In 1987, while Barba was fleeing pop music in disgrace, Diana Ross recorded "Shine" on her album RED HOT RHYTHM AND BLUES -- a song written by Mick Hucknall.  It was a great song and she did a wonderful job on it.  


For all the applause from critics, THE BROADWAY ALBUM never managed to outsell GUILTY (Barry Gibb wrote some great songs for that album).  And what happened next was exactly what Clive Davis had told her would happen -- was happening -- back as the seventies started, her album buying audience would get smaller and smaller if she didn't update her sound.  Following her return to Broadway, her multi-platinum album sales fell to platinum and then to gold.  And this was at the height of her vocal power.  And then to non-existent unless she did a gimmick like PARTNERS -- where the faded singing voice resorted to a lot of talking instead of singing and paired herself with Billy Joel, Lionel Richie and a lot of other men including the dead for decades late Elvis Presley.  The gimmick worked.  Once.  She tried to pull it a second time -- with film stars -- and it didn't even go gold.  

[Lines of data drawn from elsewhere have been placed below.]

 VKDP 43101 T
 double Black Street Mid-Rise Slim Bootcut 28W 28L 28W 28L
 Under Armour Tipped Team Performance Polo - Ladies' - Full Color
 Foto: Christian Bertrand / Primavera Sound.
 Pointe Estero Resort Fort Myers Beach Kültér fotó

Her retreat was the stupidest thing in the world and returning to the genre she started in only demonstrated that she really couldn't go back -- no matter how many lying critics tried to praise garbage like HIGHER GROUND and BACK TO BROADWAY.

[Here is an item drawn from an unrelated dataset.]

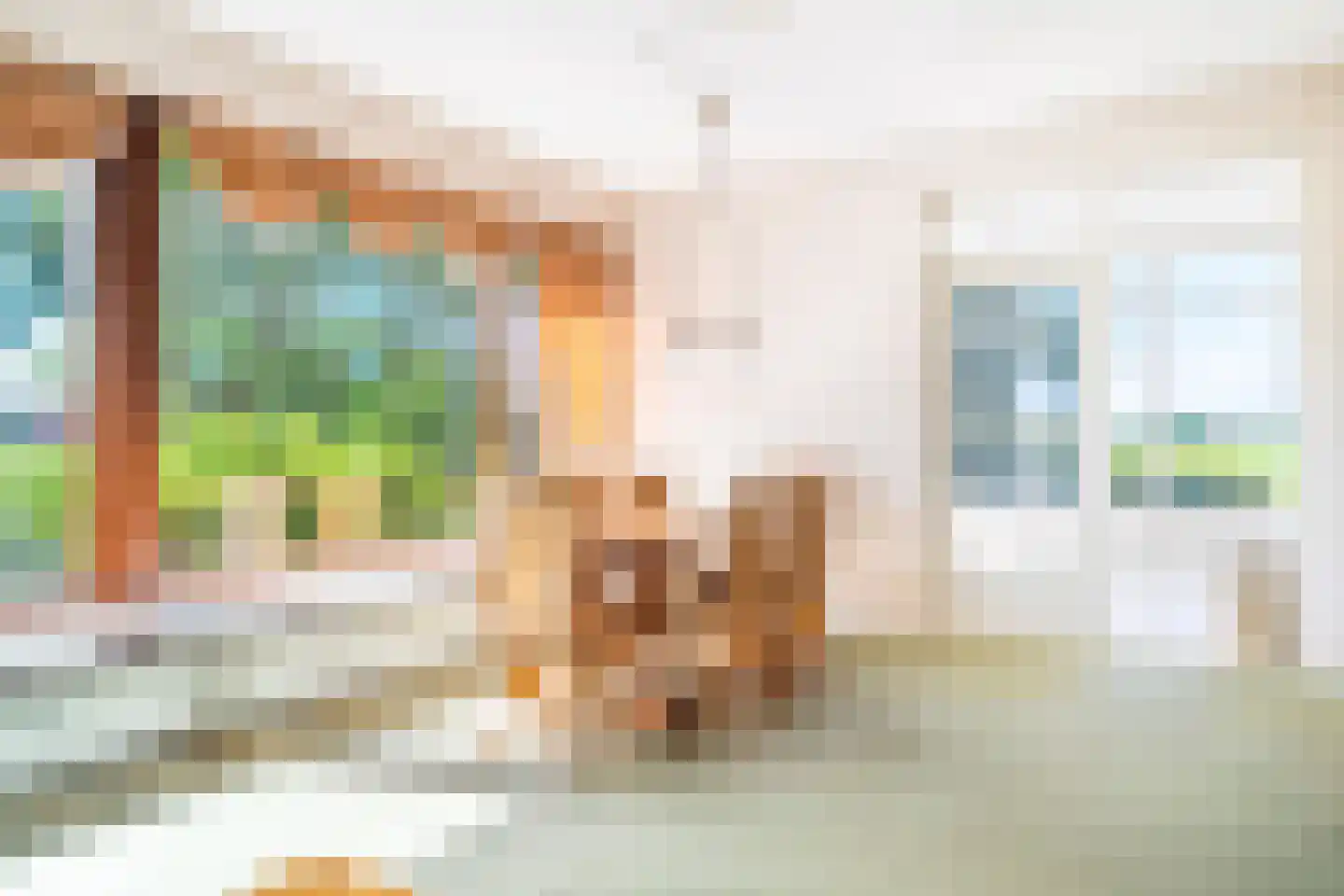 Holwierderweg 1 Appingedam thumbnail 20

 She was a force to be reckoned with as she tackled The American Songbook in the 60s and then she became a force in the contemporary pop genre from 1971 to the early eighties.  And then she made herself nothing.

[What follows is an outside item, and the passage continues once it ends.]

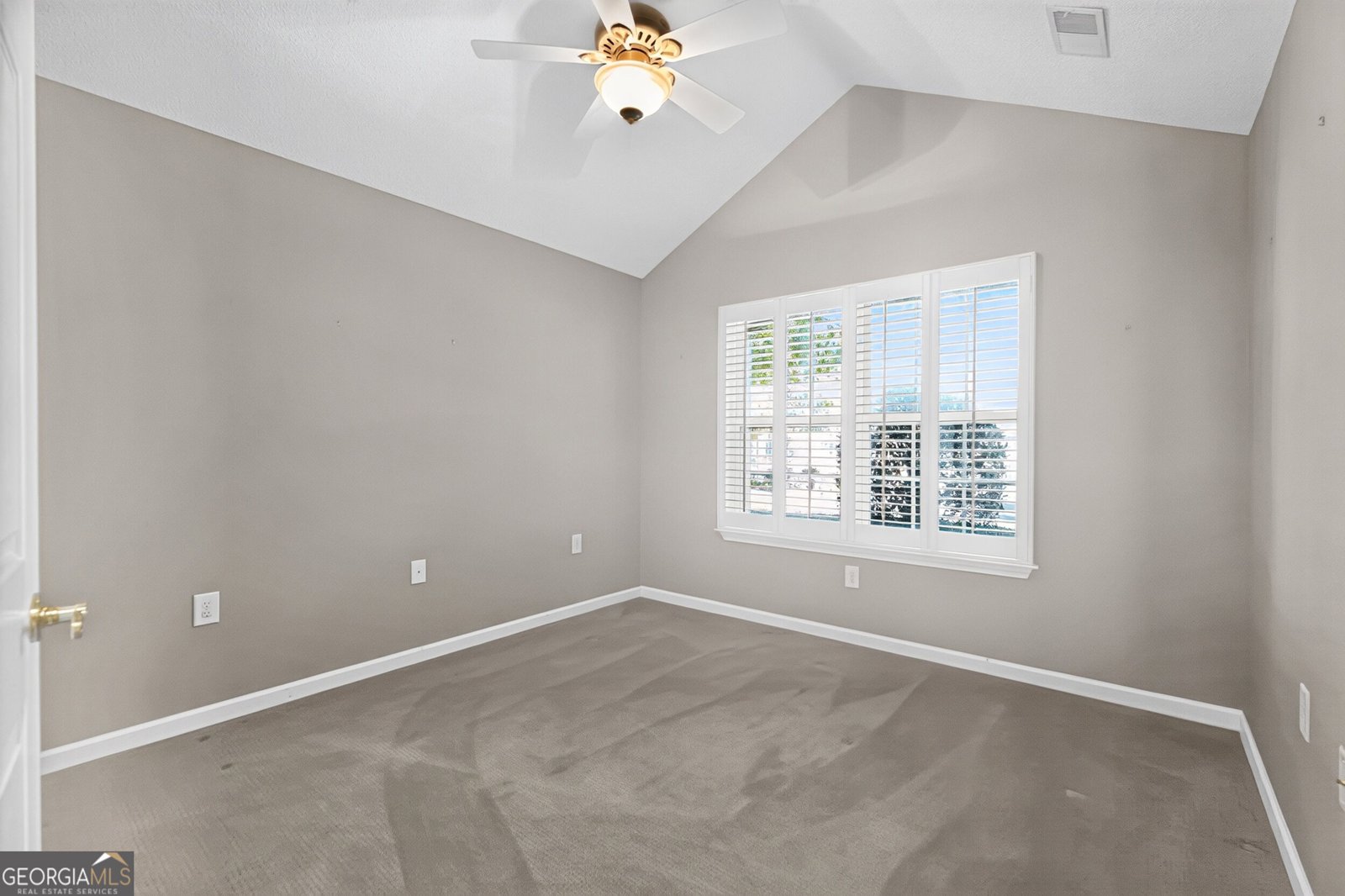 2104 Sweet Apple Circle Alpharetta - Photo 18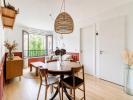 Annonce Vente 3 pi�ces Appartement Puteaux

Which brings us back to Simply Red.  TIME is nothing special.  It's a tuneful album.  I could listen to each track again.  But I won't because it's just sort of dull.  Mick trying to reclaim his past without ever grasping what made him and the band so great to begin with.  


"Holding Back The Years" and "If You Don't Know Me By Now."  Blue eyed soul tearing up ballads.


Mick can't really write that anymore.  Okay.  That doesn't mean he can't cover other artists.  He wrote "Holding Back The Years" but "If You Don't Know Me By Now" was written by Kenny Gamble and Leon Huff and Teddy Pendergrass' vocals on it (fronting Harold Melvin & the Blue Notes) made it a hit 17 years before Simply Red ever recorded it.


So if he can't write it, he can interpret it.  Take any ballad off any of the first three solo albums by George Michael, for instance.  Hell, take any track -- even a fast song but slow it down -- from those first three albums and you've got a real shot at a hit song.


I don't hear a hit song on TIME.  I hear some nice music.  Reminds me of a lot of people who never stood out.  They released nice albums but they didn't have the spark.  Carole Bayer Sager, for example.  She writes great songs.  But those seventies albums?  And even 1981's SOMETIMES LATE AT NIGHT?  They had no spark and no life.  The songs on them were great.  Later on, Diana Ross did a great "Come In For The Rain" cover, Michael Jackson brought real life into "It's The Falling In Love," Rita Coolidge nailed "I'd Rather Leave While I'm In Love," and both Joyce Kennedy and Chaka Khan did defining work on their covers of "Stronger Than Before."  But as presented on Carole's own albums?

She had a distinct voice and could have been a huge hit maker as a singer.  (She is a hit maker as a songwriter.)  The albums, however, always sounded like a generic piano bar recording.  You weren't going to boo and you'd gladly have the sound as background noise, but it was nothing you would ever pay money for.


And that's pretty much what TIME is.